"Like where your garage is just thrown up in your face? I get that." said Kristie Rackliffe, an antique dealer at the Queen of Hearts antique mall in Buford, Georgia.
But there's no need to fear the antique mall, say some thrifting pros, if you know what you're looking for and how to navigate through a seeker's paradise to get to it. Just be prepared to pay more at those fancy booths that don't require mountain climbing equipment.
"If I can't walk into the space, I'm not gonna. If I see something that I like in the back, I might say, 'Oh, that's neat,' but if I can't actually get to it, I won't bother," Rackliffe said.
An artist who has worked in Los Angeles as a set designer and interior decorator, Rackliffe is well-versed in the art of shopping an antique mall. Naturally, Rackliffe's 8x8-foot booth stands out at Queen of Hearts.
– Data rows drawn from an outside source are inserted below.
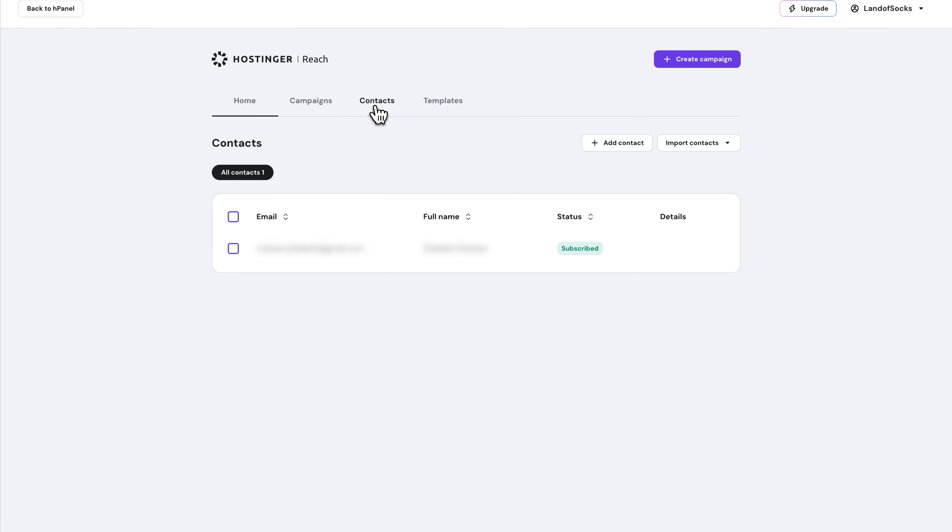Just keep using those forms as usual. And once Reach is connected, every submission will automatically sync into your Reach contacts.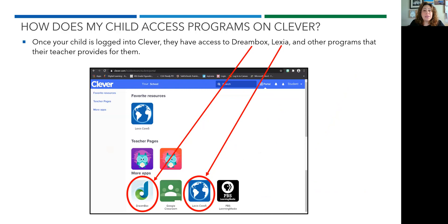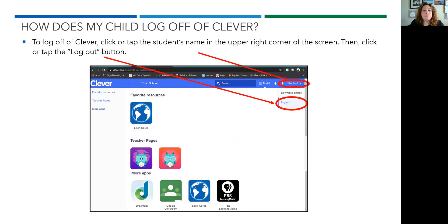Once logged into Clever, your child will have access to Dreambox, Lexia, and other programs that their teacher provides for them. Once finished using Clever, to log off click or tap the student's name in the upper right corner of the screen, then click or tap the Log Out button.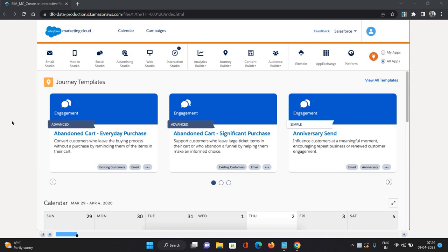Hello everyone, this is Abhishek Bagirwal. Welcome to Salesforce Marketing Cloud series. In this video, I will be talking about interactive pages in cloud pages in Salesforce Marketing Cloud.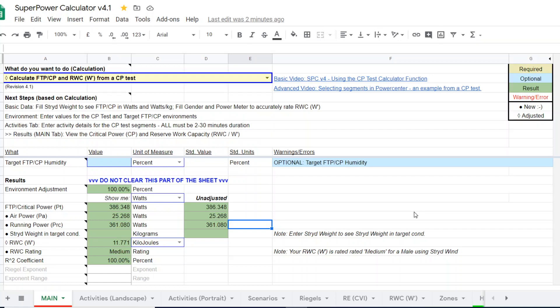I will put the link to the article I wrote on treadmill running with power in the description of this video. I hope you liked it. Hope it's helpful. We'll see you the next time. Thank you. Bye-bye.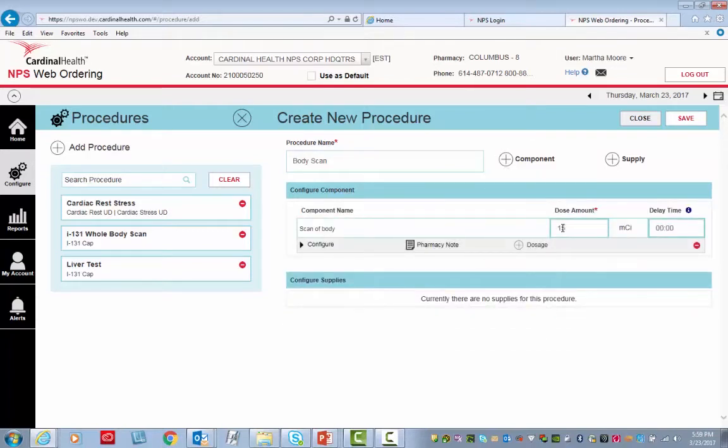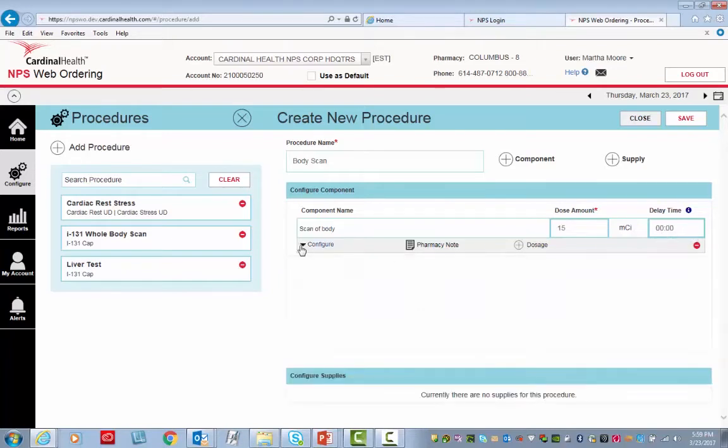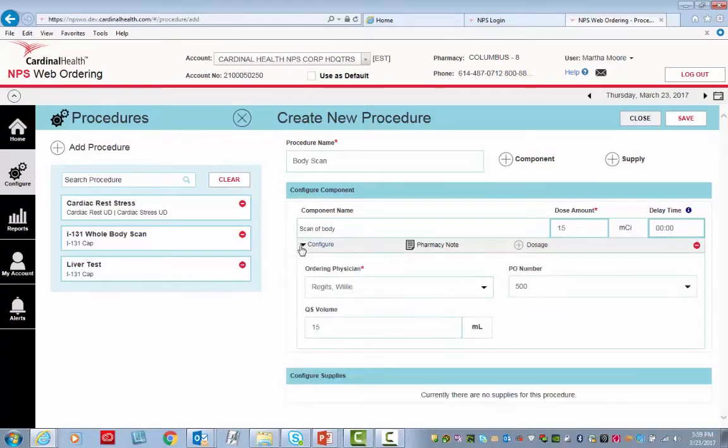Verify the dose amount and the delay time are accurate. Click Configure and either complete the fields or verify that they are accurate.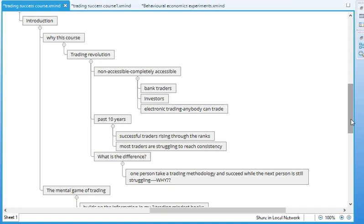So most traders are in a situation where they are struggling to reach consistency and they are also isolated because the struggle is a very private struggle. Most traders do not talk about the struggle they're going through. They may talk about their losses and their wins, but they're not talking about the internal problems that they're suffering from as they struggle to succeed in trading. And so they don't realize that it's perfectly normal to feel like that and that it doesn't mean they're failing.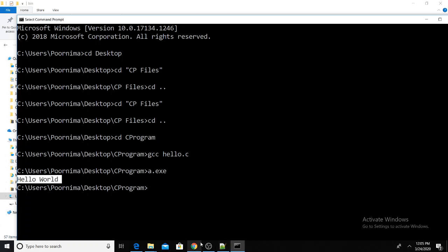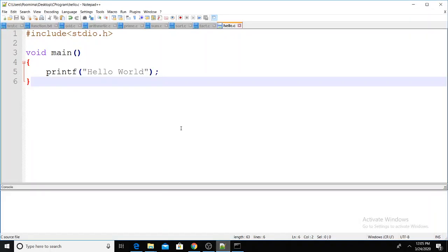This is the program. Thanks for watching.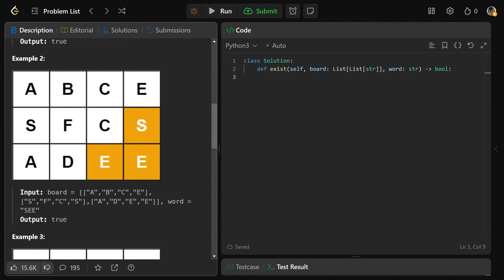In the second example, we're looking for the word S, E, E. We go through the grid and see an S, but we don't find an E there, so that discontinues. We find another S, find an E above it, but don't see another E. But going down we can see E then another E, and so that would return true because we found the word.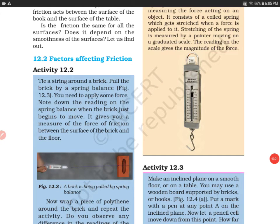Hello everyone, welcome to my channel. Today we are doing Activity 12.2, that is factors affecting friction. This activity has been taken from the chapter on friction, which is given in the science book of NCERT, Grade 8.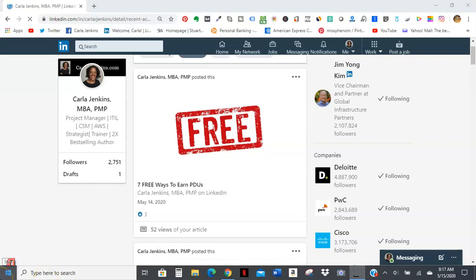So thanks for checking it out. I also put the link in the description, but thanks for all the support. And if you like my content, connect with me on LinkedIn at linkedin.com/in/KarlaRJenkins.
"I want to look at (an antique). I want to squat down, look at the bottom, look at the top, I want to move it, I want to see behind, I'm going to really inspect it," she said. "So I try to make that possible for other people coming into my space."
Rackliffe's booth recently featured a coffee table with an octopus painted on it, a chest of drawers emblazoned with a square-sailed ship, strategically placed decorative items and plenty of walking-around space.
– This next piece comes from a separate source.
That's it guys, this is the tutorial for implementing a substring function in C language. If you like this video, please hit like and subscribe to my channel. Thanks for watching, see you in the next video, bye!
It's the kind of booth, said "Mr. Goodwill Hunting" Rashon Carraway, that attracts a new kind of antique shopper: one who's not willing to dig.
Carraway, who assembled thrift-centric rooms on designer Nate Berkus' talk show, has been building his own collection of antique furniture and decor for many years. He's a seasoned pro at finding the proverbial "needle in a haystack."
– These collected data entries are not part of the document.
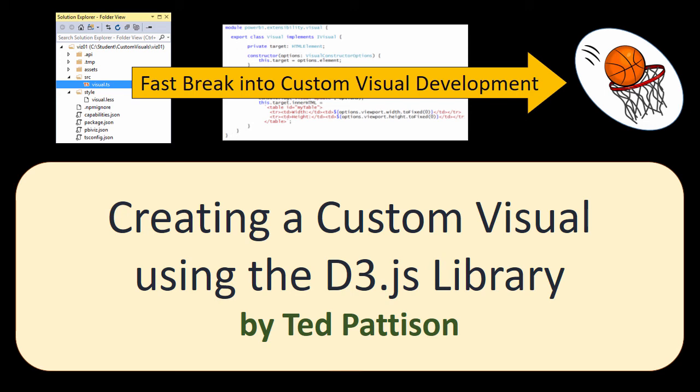Hi, it's Ted Pattison with another video in our video series titled Fast Break into Custom Visual Development. In this alternate lifestyle video, we're going to look at creating a custom visual using the D3.js library.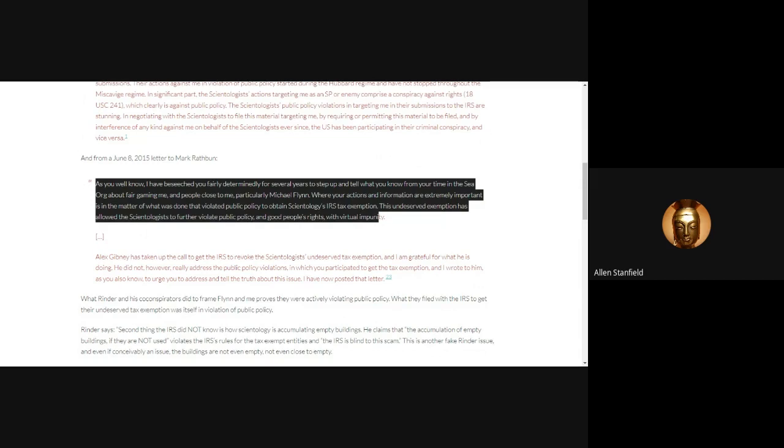And then this paragraph. This is to Marty Rathbun in 2015. As you well know, I have beseeched you fairly determinedly for several years to step up and tell what you know from your time in the Sea Org about fair gaming me and people close to me, particularly Jerry's lawyer, Michael Flynn. Where your actions and information are extremely important is in the matter of what was done that violated public policy to obtain Scientology's IRS tax exemption. This undeserved exemption has allowed the Scientologists to further violate public policy and good people's rights with virtual impunity.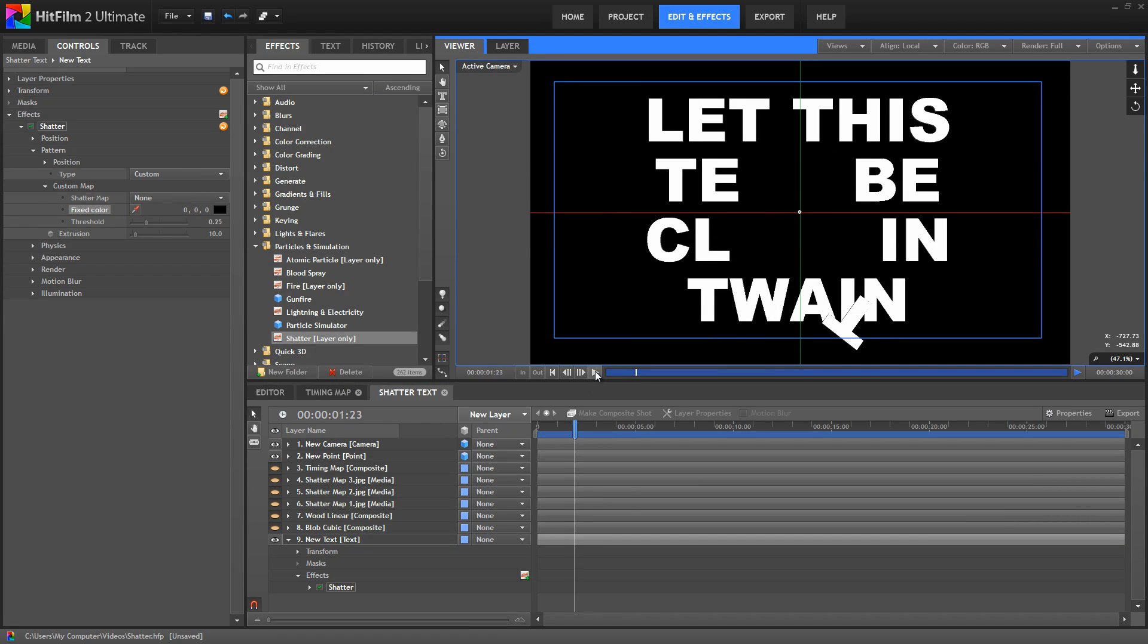If you experiment with this technique on a photo or a video clip rather than text, the threshold slider here controls how different the colors in your layer have to be before they're broken into separate pieces.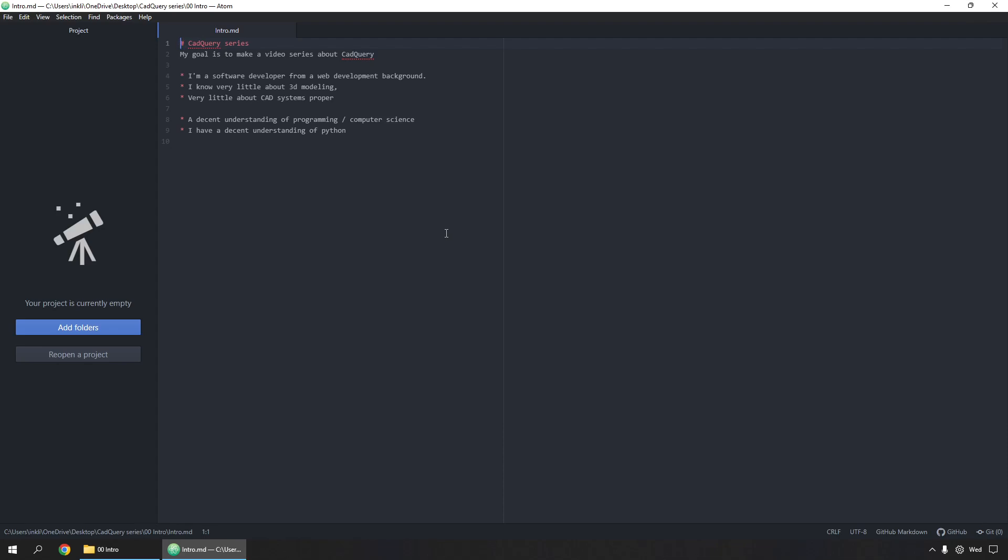Hello, my name is Jamie. I'm hoping to make a video series about CAD query.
The booths that are packed to the rafters are that way on purpose, he said. Antique dealers and thrift shop owners can make enough money to rent their retail space by stocking a large volume of small, cheaply priced items.
"You can definitely find more treasures, more items in those stuffed booths," he said. In a dealer's booth that looks more like an artfully merchandised store window, "you're going to pay for that presentation," Carraway said. That's because the dealer is providing not only ease of browsing but an idea of how to display the antique in your home, he said.
Boutique-like curation is a tangible new wave in the industry, said David Duncan, owner of David Duncan Antiques in New York City, close to the design district in the Flatiron neighborhood of Manhattan.
Interior designers and decorators, who visit antique stores for inspiration as well as to accent their clients' homes with unique finds, are shopping for antiques differently than they once did.
Young designers in particular are accustomed to viewing antiques on a website or against a white tearsheet background, Duncan said. Those expectations carry over into the store environment; Duncan's store features stylized vignettes or antique lighting installations to spark a designer's imagination.
Antique dealers have also come to recognize that shoppers, once eager to roll up their sleeves for a little DIY, are getting tired of spending their sweat equity.
"I have started so many projects with the attitude of, 'Oh I could do that, I could totally do that'," Rackliffe said. "And I get about halfway through it and I'm like, 'holy crap, this is so hard, why did I think I could do this?' " she said. "Now I'm wise enough to say pay someone else to do it."
People decorate with thrift finds or antiques because they're trying to save money, Carraway said. But sometimes there's more value in saving your time and your muscles.
Jan Agnello, the owner of Storyology, an antiques refurbishing business, would like to save you the trouble.
"I'm willing to get my hands dirty for the customer," she said.
Part of her business model is to go above and beyond a cursory restoration. Gold and silver leafing, painted details, book origami and whimsical repurposing helps set her furniture and decor apart from other antique booths, she said.
"Some people don't trust their judgment, or they know what they like when they see it, but they can't reimagine it. So they look for that piece that's been painted already or restored," Agnello said. She takes care not to cover up what she thinks is the most important aspect of any antique: its age.
"In no way does it devalue an item if it's old. In fact I think it gives it added value, an ambiance and patina to it," she said. One of her favorite examples is a vintage photo of a Harvard Cricket club, from the early 1900s, hanging in her booth at Queen of Hearts.
"You can see that you have a lot in common with people and yet it was so long ago," she said. "I want to show the relevance these things have today."